GLOBAL SOUTH CONTRIBUTION TO THEORY Writing about the contributions of developing countries in theory development, Bjorn Hettne noted that the first remedy in challenging and hopefully dismantling dominance of the global North in planning theory and planning practice is the establishment of counter-institutions in ‘liberated zones’ for critical and independent intellectual work. It is my hope that this centre will play a role in bringing together researchers, policy makers and planning professionals in search of best practice solutions for rural-urban linkages.
There is a growing interest in how the global south will contribute to planning theory, planning practice, policy dialogue and in the development of human settlements where people live in dignity, have access to secure means of livelihood and where people live in harmony with one another and with the environment. These are some of the research areas where the Centre for Urban and Rural linkages in Africa can engage with relevant stakeholders in search for solutions to problems facing Africa. This constitutes building human settlements where people will identify as their home and where symbiotic linkages between urban and rural areas will be strengthened.

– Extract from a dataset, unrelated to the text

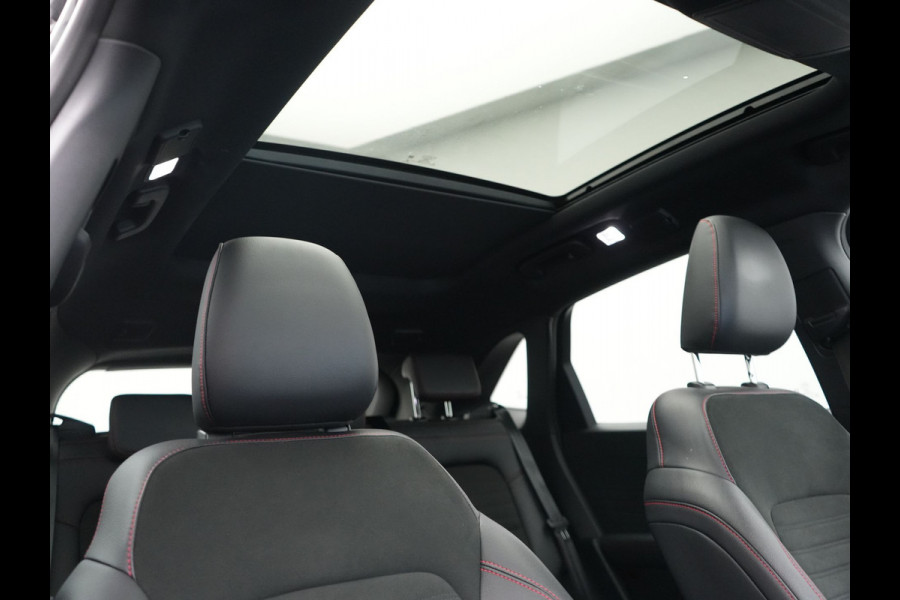 Ford Kuga 2.5 PHEV ST-Line X 225pk Dealer O.H | Trekhaak Afn. | Panodak | Adaptive Cruise | Head Up | 360 Camera | Bang & Olufsen | Alcantara Sportstoelen Verwarmd | Stuur Verwarmd | Blis | Apple Carplay | Keyless | Navigatie | DAB | 20"L.M | Plug In Hybrid |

URBAN-RURAL LINKAGES UN-HABITAT has defined urban-rural linkages as: non-linear, diverse urban-rural interactions and linkages across space within an urban-rural continuum, including flows of people, goods, capital and information but also between sectors and activities such as agriculture, services and manufacturing. In general, they can be defined as a complex web of connections between rural and urban dimensions This scope of urban-rural linkages has been accepted by many governments in Africa. For instance, the Government of Kenya, in her (1970-1974) Development Plan, recognised that symbiotic urban-rural linkages are critical drivers of national and sub-national development processes. To achieve that goal, the government launched a Growth and Service Centres Policy. This was intended to encourage government ministries, the private sector and community groups to channel their investments towards designated urban centres. It was with the hope of creating opportunities for improving livelihoods for people living in the urban centres and those living in the hinterlands of designated urban and service centres. In the 1979-1983 Development Plan, the Kenya government noted that rural life could not be complete without towns any more than towns could not be complete without access to the countryside. That became the objective of Government policy; to promote the growth of a number of towns to a large enough size so as to provide people living in such urban areas as well as those living in their hinterlands, with commensurate facilities, amenities and opportunities.

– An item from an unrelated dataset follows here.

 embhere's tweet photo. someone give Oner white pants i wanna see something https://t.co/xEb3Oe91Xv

However, in spite of the high expectations that urban-rural linkages would benefit both urban and rural areas, there are few success stories from Africa where synergetic and symbiotic linkages between urban and rural areas have been developed. In African countries where national and sub-national governments prepare development plans every five years or so, the Centre for Urban and Rural Linkages in Africa can explore possibilities of collaborating with such governments so that the centre’s expertise can be placed at their disposal.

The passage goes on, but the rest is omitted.